Tag Archives: AWS

My First Lambda – Not Just Hello World


Amazon Web Services aka AWS provides many SaaS products.
In this post, I want to share my learnings and experiences while working on one of the SaaS Products called LAMBDA.

I’ll begin with explaining our use case a bit and then implementing and Deploying a Lambda.

USE CASE

I was working on designing and implementing on a requirement to ticket the Air Bookings. Without Ticketing, user cannot board a flight and thus fly.

MORE ABOUT TICKETING PROCESS

Ticketing is an orchestration of series of steps, some require Biz Logic evaluation and some require interacting with different 3rd Party Services multiple times over the network.

This process can be seen as event driven, can be done asynchronously with retry capabilities, scheduling capabilities, involving interaction with 3rd Party Services over the network.

It has to be completed within time constraints as per Airlines\GDSes otherwise user cannot fly.

After gathering requirements,  it seems to be a usecase of building a BOT, a Ticketing Bot, more specifically and Executor-Schedulor-Supervisor-Agent Pattern fitting very well technically.

WHAT IS “EXECUTOR-SCHEDULOR-SUPRVISOR-AGENT?

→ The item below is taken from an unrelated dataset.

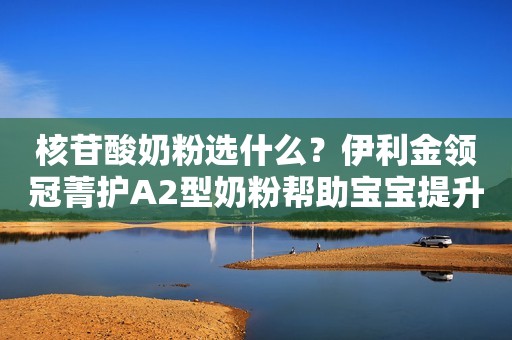 核苷酸奶粉选什么？伊利金领冠菁护A2型奶粉帮助宝宝提升保护力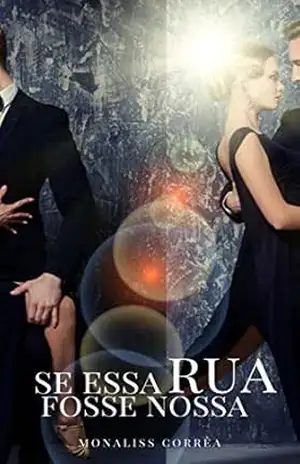 Se Essa Rua Fosse Nossa – Monaliss  Correa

It’s a Pattern where in roles and responsibilities are clearly separated out to different actors\components.
Executor, Supervisor, Agent represent different Blocks and each is responsible to perform clearly defined task.

Executor is responsible to execute the Orchestration and likewise for other. You may choose to use Persistent Workflow frameworks, Queues for orchestration execution.

WHERE DOES LAMBDA FIT IN OUR CASE?

Ticketing Process has to be completed for multiple bookings. After all, multiple users are doing bookings on our site.

This demands multiple executors to be running in parallel and executing an orchestration independently with no interference.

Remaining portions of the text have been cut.